● Required action
Without changing a thing, reproduce the entire listing and leave out its pictures.

● Data segment
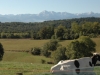 vache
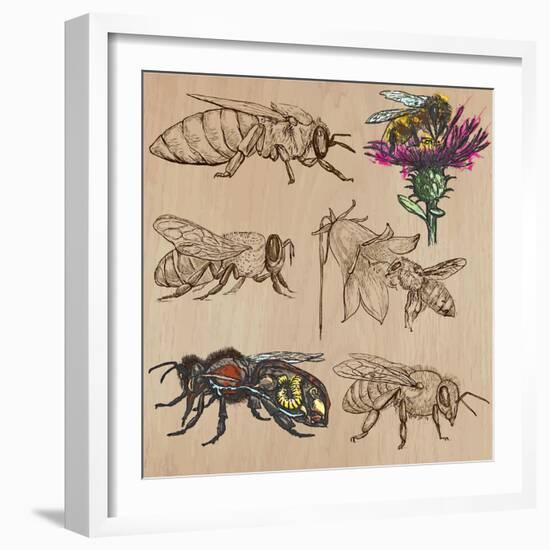 Bees, Beekeeping, and Honey-KUCO-Framed Art Print
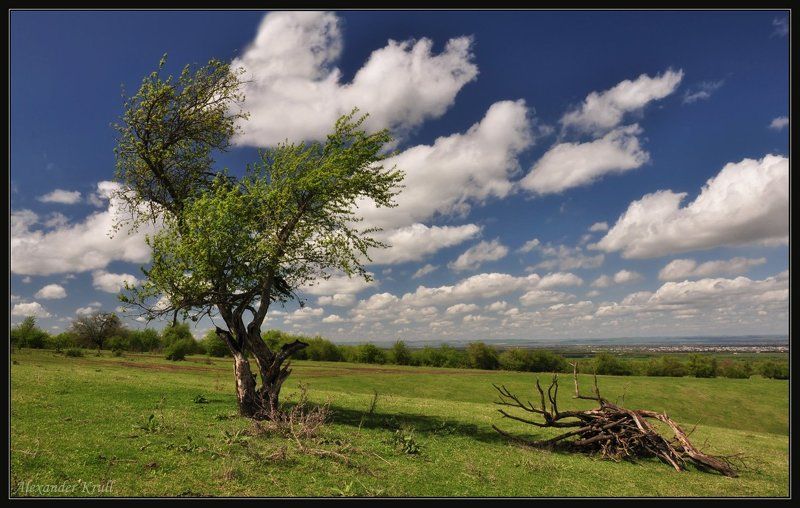 чечня О тленности всея бренного... фото превью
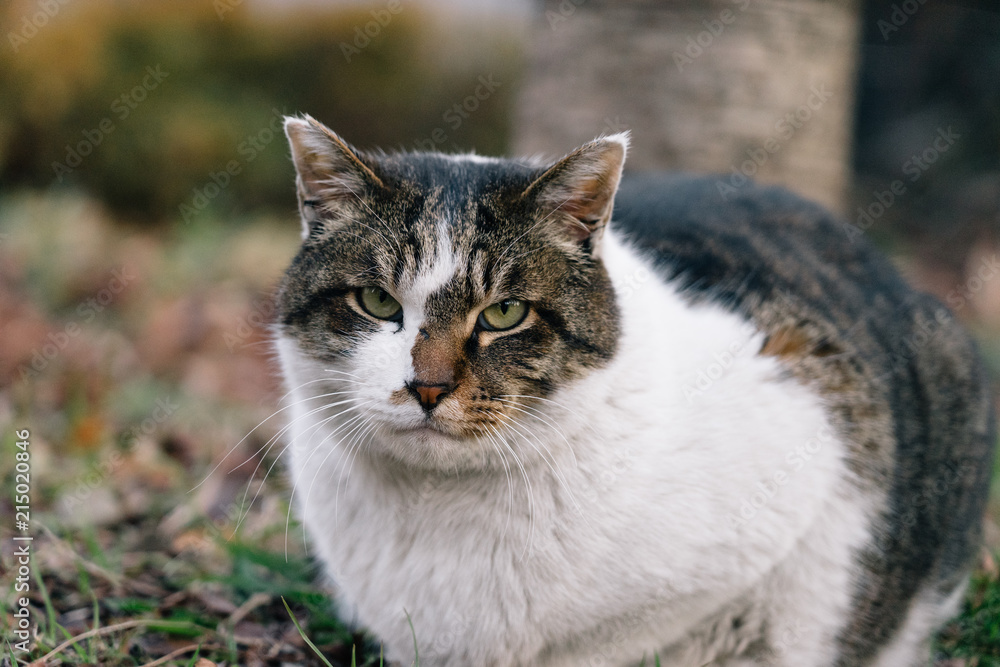 Obraz premium Stray cat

● Your response
 vache
 Bees, Beekeeping, and Honey-KUCO-Framed Art Print
 чечня О тленности всея бренного... фото превью
 Obraz premium Stray cat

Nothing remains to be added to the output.